YouveGotMeowxy commented 12 months ago

I lowered the worker count to 3 as a test, as my apprise doesnt get used too much, so I'll see hwo it goes. Memory is a bit more reasonable now:

image

One question; and I overshooting my memory expectations? To me it seems like an idle thread should take "virtually" no memory if it's doing nothing at all. Perhaps only a MB or 2 per process (like an individual worker)? So for example, if I have 3 workers, only maybe 6MB for them all?

caronc commented 11 months ago

I'm really a loss here as as you said, it's just a django website with an nginx server in front of it. There is no other configuration. Hopefully someone will see this thread and possibly offer insight.

I know you can start your docker containers up with constricted resources. You could try doing this in your environment.

rasmusson commented 7 months ago

Seeing same thing here, about 700 mb memory usage

rasmusson commented 7 months ago

Seeing same thing here, about 700 mb memory usage

Managed to get it down by setting workers to 3 as above

caronc commented 7 months ago

Glad to hear. Perhaps the outcome of this is to not automatically generate the worker count based on the number of cpu cores (as documented by gunicorn), but fix it to a lower default value. It's set to a production setting now.

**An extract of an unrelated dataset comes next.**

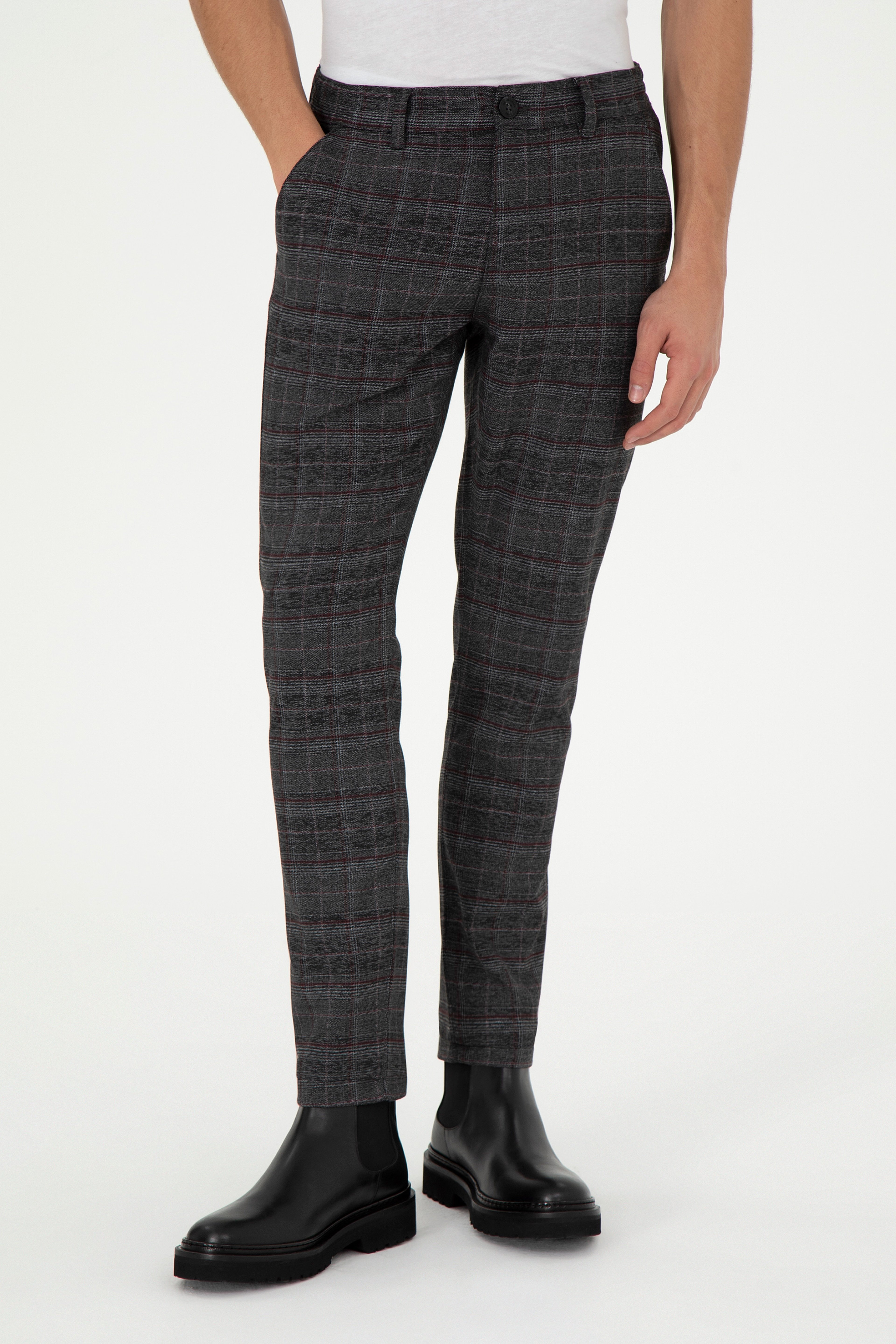 Erkek Slim Fit Antrasit Kanvas Pantolon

Apprise grants you the ability to override this which you're all leveraging here. So perhaps leaving it the way it is ideal, but instead just better document this memory issue you're having (and others too). The app consumes a small amount of memory, but your systems have a high core count(my guess) which makes it seem unreasonable? Is it fair to say that?

Thoughts?

martadinata666 commented 7 months ago

Imho, this is about the expectation of usage vs resources. Let's assume I use 1000 requests per day. Do I need 6x (my PC only had 6 cores) CPU resources and memories? Even one is more than enough. That's my credit.

rasmusson commented 7 months ago

Glad to hear. Perhaps the outcome of this is to not automatically generate the worker count based on the number of cpu cores (as documented by gunicorn), but fix it to a lower default value. It's set to a production setting now.

Apprise grants you the ability to override this which you're all leveraging here. So perhaps leaving it the way it is ideal, but instead just better document this memory issue you're having (and others too). The app consumes a small amount of memory, but your systems have a high core count(my guess) which makes it seem unreasonable? Is it fair to say that?

Thoughts?

Yeah, seems reasonable

caronc commented 5 months ago

I took @rasmusson agreement and @martadinata666's opinion and updated the README.md documentation accordingly.

I think this should cover off this ticket unless there is any disagreement?

Thoughts?

caronc commented 5 months ago

Closing off issue! Thanks for your input everyone!